Wisley. 10.06.14

Summer has arrived at Wisley, as comforting as a warm teapot, and we have arrived with it. Gloria has travelled like a Wandering Albatross over the Surrey seas to bring us safely home-from-home.

The front of the Laboratory building sizzles with diligence like an ant on a summer flagstone. Gloria says that I am insane and I ask if it is more than usual. She agrees that nothing has changed and that she was simply making conversation which is not her strong suit. We laugh, partly at ourselves but mostly at eachother.

We have arrived in Philadelphus season and the scent pervades the garden. We find them around every corner, seeing them long after we know they are there. They have a fruity scent, like tinned pears. Gloria doesn't really remember the war but she remembers the end of rationing. She says they smell of the fear of unfamiliar foods.
Whatever the truth, they are in full bloom and they set the character of the garden today and make the roses smell dull.

Summer has brought the succulents out from their winter fastnesses. These Aeonium make an informal hedgeling above the trials field. There is little chance that they will survive the winter, but Aeonium are expendable. Sooner or later they will outgrow the space that they justify in a greenhouse and this is a useful and honorable way to die.

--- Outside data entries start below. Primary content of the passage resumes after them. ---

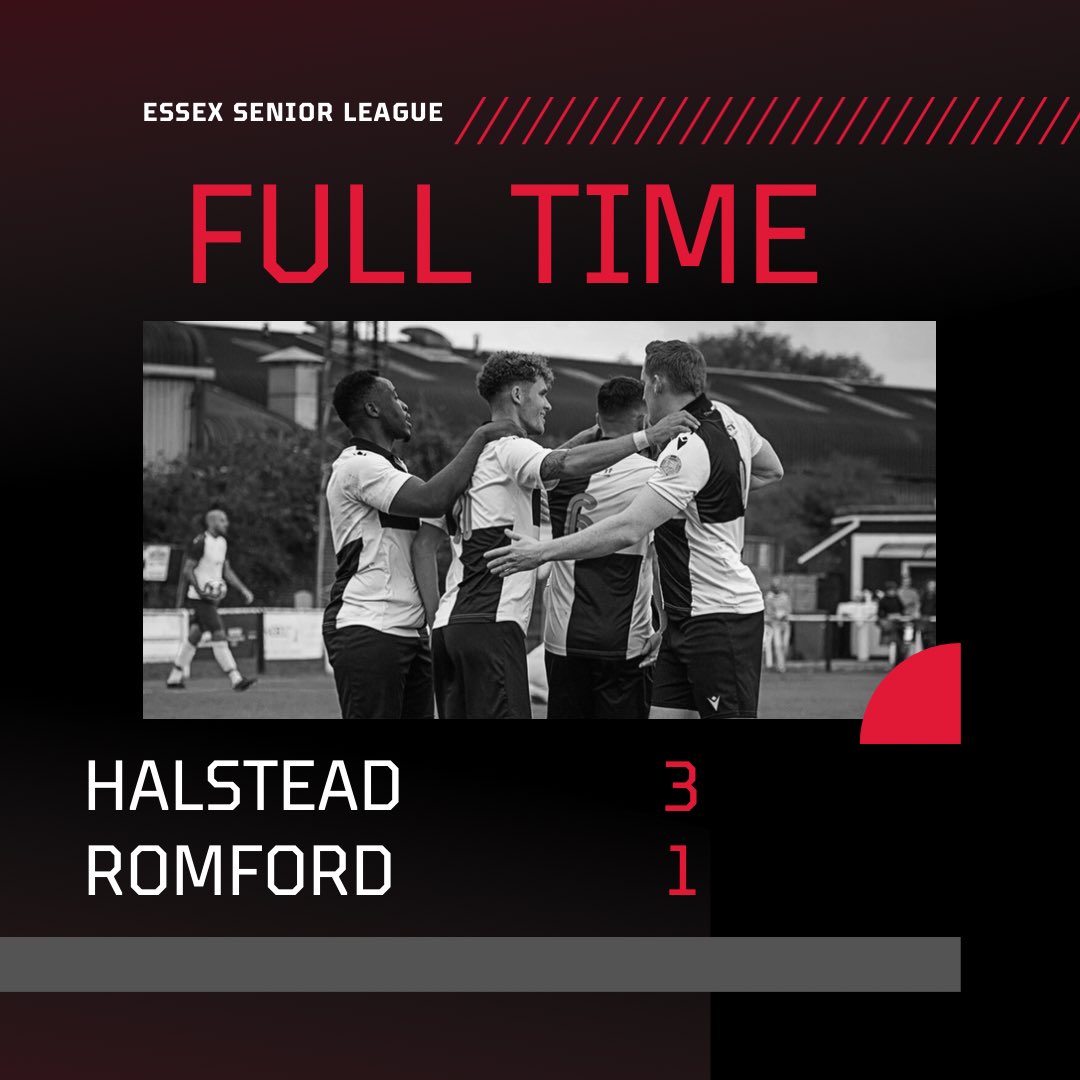 Goals from @7KaneGilbert and @JoelTOlder secures a final day victory for The Humbugs in Thurrock 🤝 We’re looking forward to seeing you all back at Milbank Stadium next season for another season at step 5, @EssexSenior 🫶 (1-3)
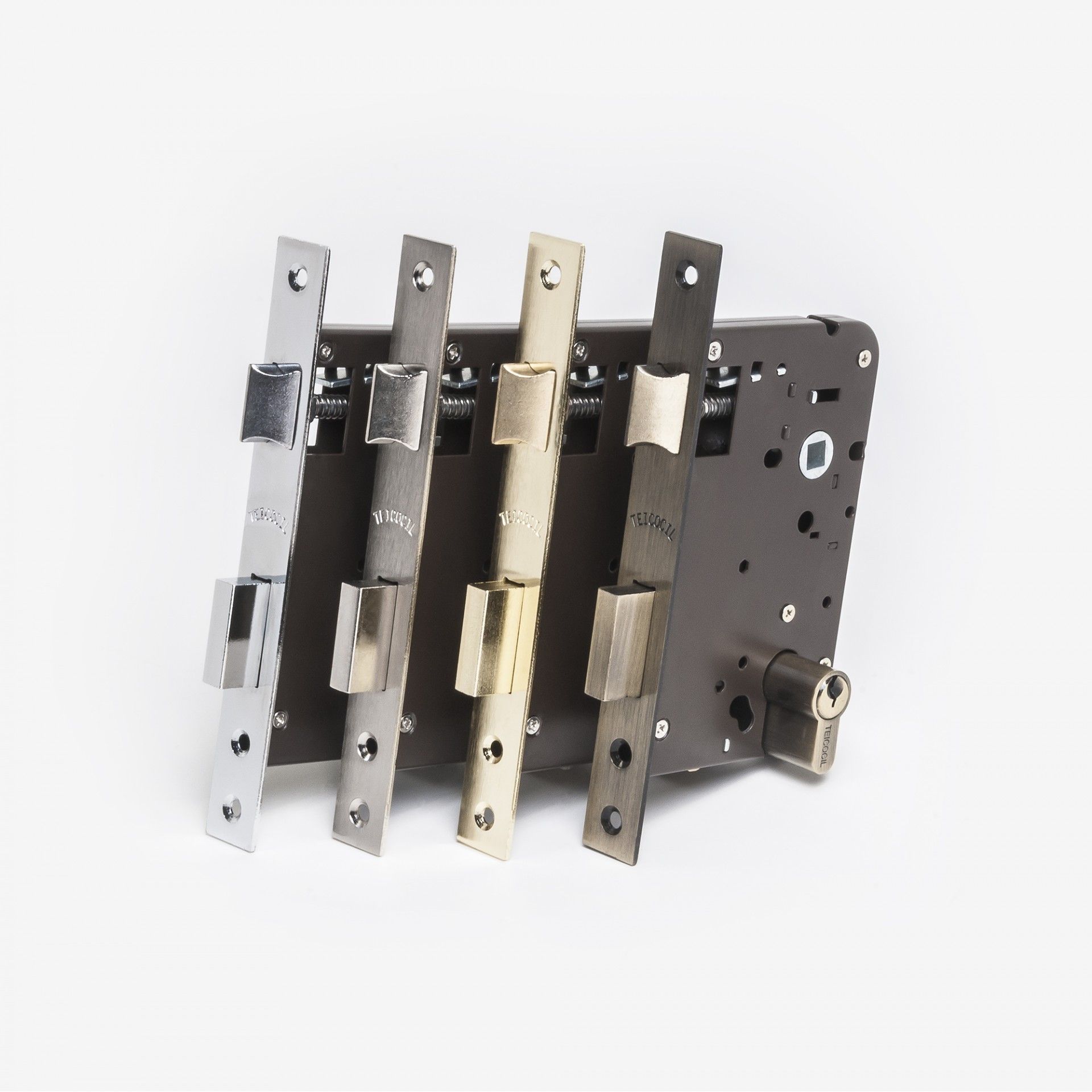 Fechadura 725x60 T/Latão Cromado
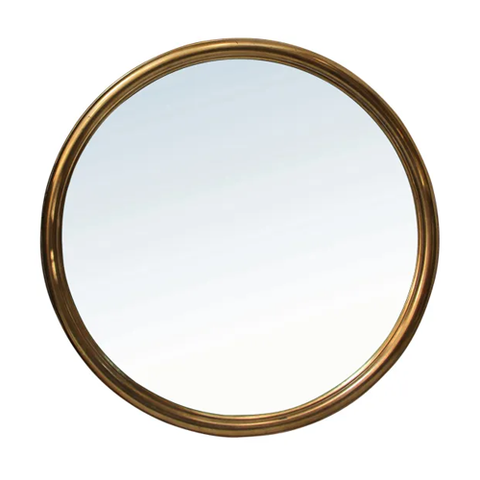 Aged Metal Leaner Mirror - 168cm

Dracunculus vulgaris thrives on the warm sandy soil of Battleston Hill. Here it has formed a close association with a Hydrangea. Nowadays we have come to call it the Dragon Arum though as a girl I remember another name and Gloria has said that if I use it she will pull the plug out.

The RHS have arranged a magnificent trial of Foxgloves. It is wonderful to see the new varieties grown together and it demonstrates that in decades of breeding nothing of great significance has been achieved. There are some colour breaks and some additional flowers on the spikes but nothing in the trial can hold a candle to the banks of white Foxgloves growing under the trees.

The Alpine House is feeling the impact of summer, and it is a tribute to the skill of the Alpine team that it continues to house a spectacular display of small wonders. The metallic shutters are pulled down and remind me of the day Gloria went to get a tan on a sunbed to prepare for a holiday in Greece. She returned wrapped in a survival blanket and plastered from head to foot in barrier cream. The following morning she shed her entire skin in a single piece. We found it in the bed after breakfast, and Gloria as pink as a flamingo.

A day at Wisey is always filled with delight, and travelling with Gloria is a pleasure that I rarely mention. These borders of seed grown perennials designed by James Hitchmough are a stimulating challenge to expectations. We always seem to walk away laughing among ourselves. This is the spirit of the summer garden, and if you can't laugh at other people in summer you have become ridiculous.